Donnerstags ist schon wieder Merle da, außerdem Zoran, Xavier und später ich. Für den quengeligen Zimmernachbarn dürfte es viel zu Meckern geben. Diese vielen Ausländer! Und es ist ihm sicher auch nicht recht, wenn so ein Kommen und Gehen herrscht.
Ja, und Freitags hat die Gurkerei ein Ende. Zum Glück. Es ist ganz schön umständlich, teuer und auch anstrengend, jeden Tag über hundert Kilometer in der Bahn zu sitzen.
Nach der Arbeit fahre ich zu Merle und sie öffnet die Tür schon, bevor ich klingeln kann. „Psst!“, macht sie, „er schläft!“
Ich begrüße sie und frage dann: „Ist das nicht ein bisschen übertrieben, deswegen durchs Haus zu schleichen?“
„Willst du denn, dass er aufwacht? Schlaf ist wichtig für den Genesungsprozess!“
„Er ist ja kein kleines Kind mehr, das muss er aushalten. Wo ist er denn überhaupt?“
„Hier“, sagt er und steht an der Flurtür.
„Ich dachte, du schläfst!“, fährt sie herum.
„Was soll ich nachts tun, wenn ich den ganzen Tag schlafe?“, fragt er. Wir begrüßen uns und gehen in den Wohnraum. „Außerdem sind die Nächte im Krankenhaus viel kürzer, wo ständig einer bimmelt und Türen knallen und Schritte auf dem Flur sind und garantiert irgendwer furzt, kaum dass du mal tief Luft holst.“
„Na ja“, grinse ich, „als Ausgleich schnarchen andere Leute wie ein ganzes Sägewerk.“
Lachend kontert er: „Andere quasseln die ganze Nacht oder laufen um ihr Bett herum.“
„Von welchen anderen Leuten redet ihr da?“, erkundigt Merle sich.
„Von ihm“, sagen wir zugleich und zeigen auf einander und gibbeln noch mehr.
Kopfschüttelnd verlässt sie den Raum, aber ich sehe es, sie lacht auch.
Das Telefon klingelt. Wie auf Kommando quaken wir los: „Merle! Telefon! Ist bestimmt für dich!“ und kriegen uns nicht mehr ein.
„Geh doch mal einer dran, verdammt noch mal!“, ruft sie aus Richtung der Toilette.

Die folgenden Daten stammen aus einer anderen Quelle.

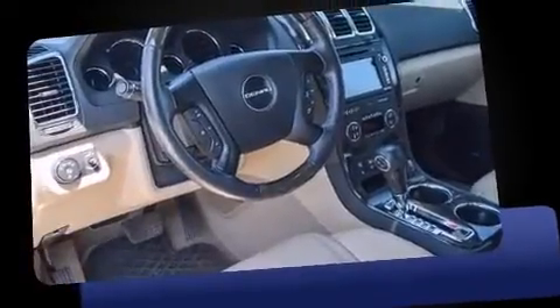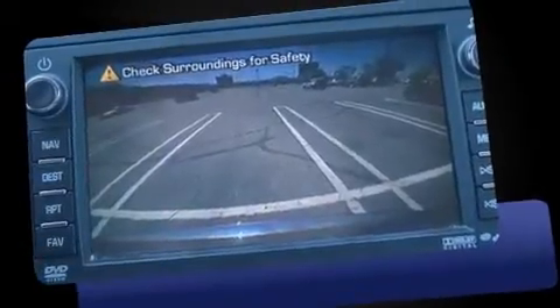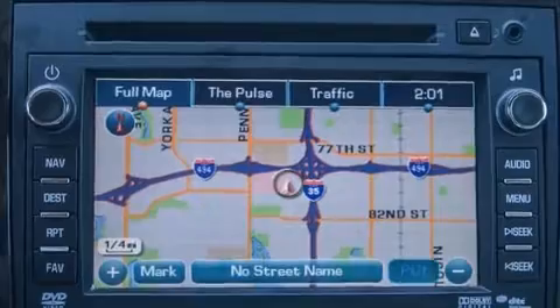It distinguishes itself from the competition with features such as a power seat, automatic dimming door mirrors, heated and ventilated seats, a power liftgate, and seat memory.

Miloš ist auf dem besten Wege, zu seiner Form zurück zu finden, denn er ist schneller am Apparat als ich. „Kusturica bei Van Wieringen“, meldet er sich und grinst mich frech an. „Hallo Nieke“, begrüßt er die Anruferin, hört auf seine übliche schweigende Weise zu, bestätigt „Ja, genau“, „doch, der ist auch hier“, bedankt und verabschiedet sich. Und gibt den Telefonhörer an mich weiter.
„Hallo Nieke“, sage ich ebenfalls. „Warum rufst du bei Merle an und willst dann mit mir telefonieren?“
„Weil ich dich zuhause nicht erreicht habe und in solchen Fällen ist die Wahrscheinlichkeit hoch, dass du – sofern du nicht arbeitest – entweder bei deiner Mommi, im Proberaum oder bei Merle bist. Oder irgendwo auf dem IJsselmeer. Aber ich habe Glück, ich habe dich schon im ersten Versuch gefunden.“
„Hättest du echt bei Mommi angerufen? Weißt du überhaupt ihren Namen?“
„Ich denke mal, dass sie van Hoorn heißt.“
„Stimmt. Aber erzähl, warum rufst du an?“(358)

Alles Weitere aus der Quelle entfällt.